Recorded data
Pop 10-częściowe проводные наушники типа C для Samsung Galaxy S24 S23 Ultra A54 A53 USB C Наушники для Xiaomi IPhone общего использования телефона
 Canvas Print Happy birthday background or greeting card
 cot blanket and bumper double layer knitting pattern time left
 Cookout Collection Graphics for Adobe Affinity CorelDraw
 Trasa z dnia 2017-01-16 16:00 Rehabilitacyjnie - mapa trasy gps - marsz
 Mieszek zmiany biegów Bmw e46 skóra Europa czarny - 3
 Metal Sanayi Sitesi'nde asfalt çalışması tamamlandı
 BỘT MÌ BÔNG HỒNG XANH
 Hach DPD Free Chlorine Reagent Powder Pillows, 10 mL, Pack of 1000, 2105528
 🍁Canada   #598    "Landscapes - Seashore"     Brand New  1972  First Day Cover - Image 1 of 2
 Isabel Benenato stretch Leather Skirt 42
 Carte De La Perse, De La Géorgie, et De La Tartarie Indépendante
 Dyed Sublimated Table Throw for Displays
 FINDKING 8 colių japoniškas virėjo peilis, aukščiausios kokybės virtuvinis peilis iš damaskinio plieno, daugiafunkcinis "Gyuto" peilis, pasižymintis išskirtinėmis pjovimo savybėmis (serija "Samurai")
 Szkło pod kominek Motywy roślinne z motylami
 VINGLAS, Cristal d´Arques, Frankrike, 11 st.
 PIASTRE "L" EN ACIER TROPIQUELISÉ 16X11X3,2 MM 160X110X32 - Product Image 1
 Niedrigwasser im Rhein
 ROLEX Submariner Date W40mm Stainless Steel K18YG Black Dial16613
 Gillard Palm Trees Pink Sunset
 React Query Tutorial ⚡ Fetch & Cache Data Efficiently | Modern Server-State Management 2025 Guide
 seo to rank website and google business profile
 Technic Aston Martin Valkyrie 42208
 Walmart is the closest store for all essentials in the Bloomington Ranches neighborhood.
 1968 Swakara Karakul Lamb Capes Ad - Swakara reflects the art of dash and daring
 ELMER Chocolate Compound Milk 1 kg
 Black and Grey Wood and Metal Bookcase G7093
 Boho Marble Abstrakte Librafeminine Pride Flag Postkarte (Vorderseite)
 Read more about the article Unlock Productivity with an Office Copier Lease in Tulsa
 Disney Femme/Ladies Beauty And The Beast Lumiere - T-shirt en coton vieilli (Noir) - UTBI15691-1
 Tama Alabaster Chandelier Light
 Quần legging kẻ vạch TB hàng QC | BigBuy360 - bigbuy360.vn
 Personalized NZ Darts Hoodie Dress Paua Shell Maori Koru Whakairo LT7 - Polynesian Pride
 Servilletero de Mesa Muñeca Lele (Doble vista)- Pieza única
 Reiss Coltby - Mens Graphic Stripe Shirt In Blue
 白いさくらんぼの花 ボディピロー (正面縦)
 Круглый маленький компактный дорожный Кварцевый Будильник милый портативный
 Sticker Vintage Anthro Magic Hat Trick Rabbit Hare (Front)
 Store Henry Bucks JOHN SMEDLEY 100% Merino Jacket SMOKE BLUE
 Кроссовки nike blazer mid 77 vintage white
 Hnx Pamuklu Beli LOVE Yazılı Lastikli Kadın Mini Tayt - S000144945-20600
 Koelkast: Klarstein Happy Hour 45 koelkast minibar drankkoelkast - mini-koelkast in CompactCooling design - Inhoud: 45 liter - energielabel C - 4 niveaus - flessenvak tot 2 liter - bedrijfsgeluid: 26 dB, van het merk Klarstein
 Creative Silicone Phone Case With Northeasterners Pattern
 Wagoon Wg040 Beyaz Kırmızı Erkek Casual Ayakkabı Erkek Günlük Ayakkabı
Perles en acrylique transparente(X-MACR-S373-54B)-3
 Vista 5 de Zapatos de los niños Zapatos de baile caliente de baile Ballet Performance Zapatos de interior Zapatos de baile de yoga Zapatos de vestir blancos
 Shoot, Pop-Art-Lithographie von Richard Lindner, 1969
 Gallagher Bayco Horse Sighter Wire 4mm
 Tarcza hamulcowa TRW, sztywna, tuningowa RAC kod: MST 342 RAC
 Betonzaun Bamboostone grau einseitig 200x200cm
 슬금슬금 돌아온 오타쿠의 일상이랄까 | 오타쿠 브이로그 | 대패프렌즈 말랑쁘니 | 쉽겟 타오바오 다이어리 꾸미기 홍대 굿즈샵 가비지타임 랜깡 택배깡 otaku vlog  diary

Your task
Each line that contains the string "Happy" should be copied from the data above.

Output of the exercise
 Canvas Print Happy birthday background or greeting card
 Koelkast: Klarstein Happy Hour 45 koelkast minibar drankkoelkast - mini-koelkast in CompactCooling design - Inhoud: 45 liter - energielabel C - 4 niveaus - flessenvak tot 2 liter - bedrijfsgeluid: 26 dB, van het merk Klarstein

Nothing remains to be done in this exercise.